Em Bezerros, o Memorial J. Borges reúne parte de sua obra e objetos pessoais e se tornou um ponto alto de visitação do interior do estado, além de ateliê onde ele, até o fim da vida, seguiu produzindo peças novas e recebendo as pessoas. A obra de J. Borges sempre refletiu a variedade temática do interior de Pernambuco, onde ele viveu quase toda a vida. Lendas, folclore, cotidiano, religiosidade e política estão em seus escritos e ilustrações.

Escritora, pesquisadora e biógrafa do mestre das xilogravuras, Maria Alice Amorim, que escreveu o livro J. Borges: Entre fábulas e astúcia, relembrou em entrevista ao Viver a influência e impacto do artista no cenário cultural pernambucano e brasileiro. "Ele conseguia conquistar as pessoas com a conversa, com o sorriso. Sempre me chamou a atenção a capacidade de reinventar-se, esse espírito de fabulação, essa disponibilidade para interagir com as pessoas e, sobretudo, de liderar e aglutinar para trabalhar em equipe", revelou. "Com muita vitalidade, ao longo das décadas de atuação, ele buscou se adaptar às novas demandas relacionadas ao universo do cordel e da xilogravura, por isso se manteve atuante, produzindo, inserido nos circuitos artísticos e no mercado. Viveu até os últimos momentos com disposição, alegria, vitalidade. E a mesma gigantesca memória de toda a vida", completou.

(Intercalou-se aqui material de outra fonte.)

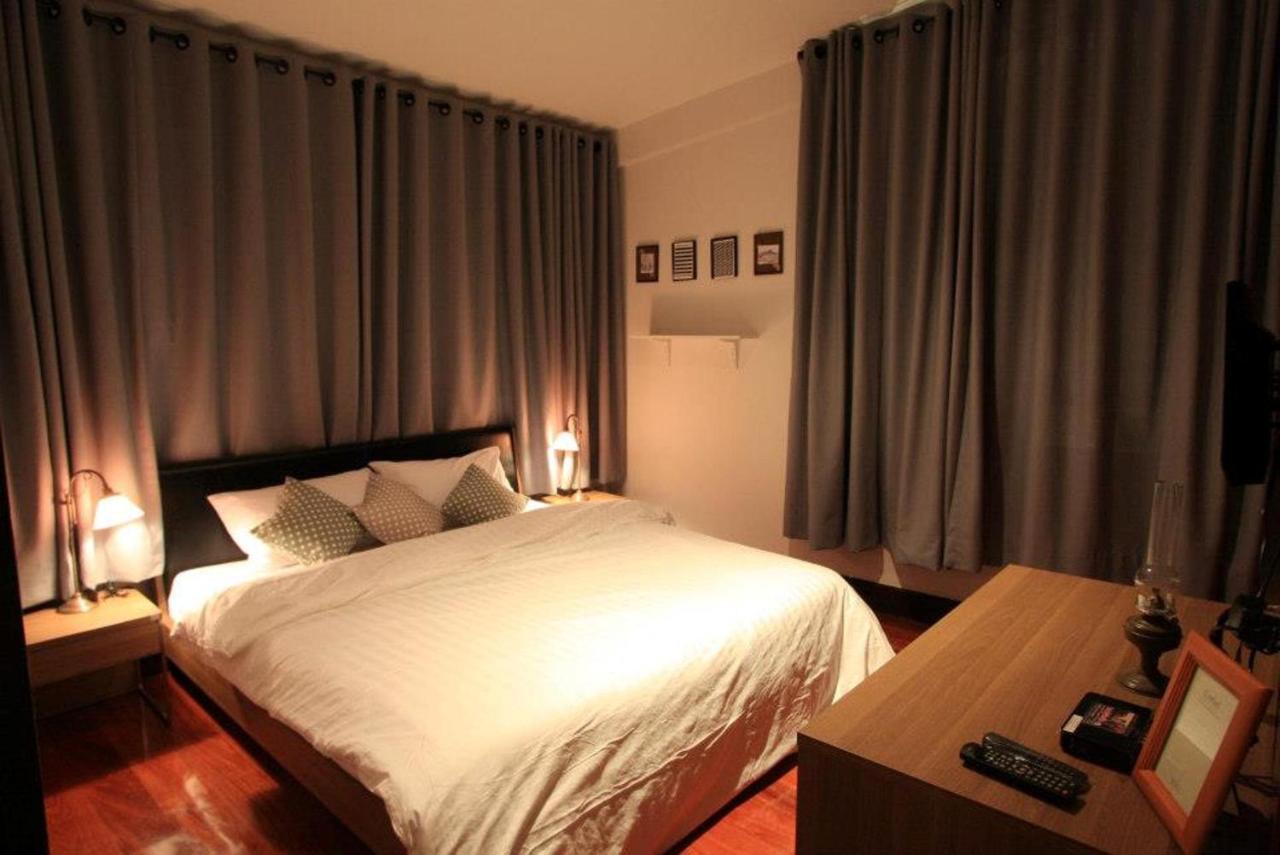 Hostal House 23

Diversas personalidades, entre artistas e políticos, lamentaram a perda de J. Borges. O presidente Luiz Inácio Lula da Silva também lamentou o falecimento do artista, descrevendo-o como "um dos maiores xilogravuristas do país". "Fiquei muito feliz de poder levar sua arte até o Papa", relembrou o chefe do executivo.

"Levou Bezerros e o Agreste e Pernambuco para o mundo. Vai deixar uma saudade imensa, mas as a sua grandiosidade permanecerá aqui pelas mãos de seus filhos, discípulos e centenas de xilogravuras que representam tão bem a nossa cultura", escreveu a governadora Raquel Lyra.

O prefeito do Recife, João Campos, postou em rede social sua homenagem. "J. Borges gravou na madeira as histórias de um Nordeste realista, fantástico e armorial. Dono de um sorriso largo, era patrimônio de Pernambuco e gênio da cultura popular reconhecido no Brasil e no mundo. As novas histórias de cordéis deverão contar, em breve, a generosidade e a sensibilidade em tudo que fazia. Sabia unir seu olhar singular para a vida com uma capacidade indecifrável de retratar versos. Sempre que passava por Bezerros, no Agreste, fazia questão de vê-lo e de admirar a sua arte. A partida dele, deixa Pernambuco com o "coração na mão", como ele mesmo gravou. Em toda parte, J. Borges vai deixar muita saudade."